▶ _INSTRUCTIONS TO FOLLOW_
Reproduce exactly the lines of the listing from the one containing "18 inch originele" to its final line, both included.

▶ _GIVEN RECORDS_
---+---
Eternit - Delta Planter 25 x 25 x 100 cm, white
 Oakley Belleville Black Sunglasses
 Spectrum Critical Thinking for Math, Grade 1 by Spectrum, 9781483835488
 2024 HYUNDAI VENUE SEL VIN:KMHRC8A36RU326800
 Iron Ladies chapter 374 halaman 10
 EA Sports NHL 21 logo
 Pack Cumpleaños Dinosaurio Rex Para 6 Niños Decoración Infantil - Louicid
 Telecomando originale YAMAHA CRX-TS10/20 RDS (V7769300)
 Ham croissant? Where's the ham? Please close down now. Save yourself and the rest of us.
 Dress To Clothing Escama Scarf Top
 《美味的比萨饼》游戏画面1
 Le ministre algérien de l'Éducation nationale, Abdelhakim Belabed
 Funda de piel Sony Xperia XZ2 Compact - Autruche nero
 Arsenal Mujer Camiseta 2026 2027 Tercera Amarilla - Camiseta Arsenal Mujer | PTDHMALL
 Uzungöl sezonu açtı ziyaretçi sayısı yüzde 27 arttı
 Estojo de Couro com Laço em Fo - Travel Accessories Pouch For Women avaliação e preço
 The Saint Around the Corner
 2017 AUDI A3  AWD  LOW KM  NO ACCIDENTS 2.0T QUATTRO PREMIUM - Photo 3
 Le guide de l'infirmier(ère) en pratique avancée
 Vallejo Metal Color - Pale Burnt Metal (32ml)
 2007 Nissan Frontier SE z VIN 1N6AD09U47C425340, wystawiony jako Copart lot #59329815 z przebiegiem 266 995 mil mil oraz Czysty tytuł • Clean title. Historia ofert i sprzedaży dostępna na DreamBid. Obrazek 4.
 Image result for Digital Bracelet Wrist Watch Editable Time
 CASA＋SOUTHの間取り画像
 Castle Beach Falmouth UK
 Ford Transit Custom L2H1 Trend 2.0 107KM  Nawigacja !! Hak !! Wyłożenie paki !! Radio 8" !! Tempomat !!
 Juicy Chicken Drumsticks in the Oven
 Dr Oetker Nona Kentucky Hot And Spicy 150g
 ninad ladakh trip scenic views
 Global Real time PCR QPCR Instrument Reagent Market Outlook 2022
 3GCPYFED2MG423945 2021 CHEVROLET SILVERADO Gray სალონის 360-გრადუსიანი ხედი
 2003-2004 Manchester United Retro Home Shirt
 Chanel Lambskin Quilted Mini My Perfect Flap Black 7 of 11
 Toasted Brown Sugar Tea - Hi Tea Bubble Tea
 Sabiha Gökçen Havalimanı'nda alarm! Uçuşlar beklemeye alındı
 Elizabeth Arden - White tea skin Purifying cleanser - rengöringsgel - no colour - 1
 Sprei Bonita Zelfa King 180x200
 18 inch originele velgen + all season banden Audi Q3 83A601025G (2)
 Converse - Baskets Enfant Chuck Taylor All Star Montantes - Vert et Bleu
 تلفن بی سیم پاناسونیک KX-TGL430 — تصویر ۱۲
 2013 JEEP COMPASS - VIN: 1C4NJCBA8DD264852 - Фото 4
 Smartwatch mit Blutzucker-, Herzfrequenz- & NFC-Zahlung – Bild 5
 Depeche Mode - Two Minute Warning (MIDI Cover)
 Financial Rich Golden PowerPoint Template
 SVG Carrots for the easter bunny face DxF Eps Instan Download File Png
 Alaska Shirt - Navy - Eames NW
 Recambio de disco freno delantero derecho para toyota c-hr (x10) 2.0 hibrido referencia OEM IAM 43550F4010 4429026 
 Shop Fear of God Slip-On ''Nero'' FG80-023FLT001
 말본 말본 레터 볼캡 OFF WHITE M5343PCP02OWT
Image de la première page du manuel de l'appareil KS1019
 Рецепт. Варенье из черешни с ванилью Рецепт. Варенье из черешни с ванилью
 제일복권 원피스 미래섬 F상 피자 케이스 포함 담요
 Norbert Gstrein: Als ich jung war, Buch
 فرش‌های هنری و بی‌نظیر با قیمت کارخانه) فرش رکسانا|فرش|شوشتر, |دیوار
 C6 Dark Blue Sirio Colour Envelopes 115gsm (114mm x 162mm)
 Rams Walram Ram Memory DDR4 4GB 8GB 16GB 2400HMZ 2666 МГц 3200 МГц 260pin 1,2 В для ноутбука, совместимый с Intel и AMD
---+---
▶ _RESPONSE TO THIS TASK_
 18 inch originele velgen + all season banden Audi Q3 83A601025G (2)
 Converse - Baskets Enfant Chuck Taylor All Star Montantes - Vert et Bleu
 تلفن بی سیم پاناسونیک KX-TGL430 — تصویر ۱۲
 2013 JEEP COMPASS - VIN: 1C4NJCBA8DD264852 - Фото 4
 Smartwatch mit Blutzucker-, Herzfrequenz- & NFC-Zahlung – Bild 5
 Depeche Mode - Two Minute Warning (MIDI Cover)
 Financial Rich Golden PowerPoint Template
 SVG Carrots for the easter bunny face DxF Eps Instan Download File Png
 Alaska Shirt - Navy - Eames NW
 Recambio de disco freno delantero derecho para toyota c-hr (x10) 2.0 hibrido referencia OEM IAM 43550F4010 4429026 
 Shop Fear of God Slip-On ''Nero'' FG80-023FLT001
 말본 말본 레터 볼캡 OFF WHITE M5343PCP02OWT
Image de la première page du manuel de l'appareil KS1019
 Рецепт. Варенье из черешни с ванилью Рецепт. Варенье из черешни с ванилью
 제일복권 원피스 미래섬 F상 피자 케이스 포함 담요
 Norbert Gstrein: Als ich jung war, Buch
 فرش‌های هنری و بی‌نظیر با قیمت کارخانه) فرش رکسانا|فرش|شوشتر, |دیوار
 C6 Dark Blue Sirio Colour Envelopes 115gsm (114mm x 162mm)
 Rams Walram Ram Memory DDR4 4GB 8GB 16GB 2400HMZ 2666 МГц 3200 МГц 260pin 1,2 В для ноутбука, совместимый с Intel и AMD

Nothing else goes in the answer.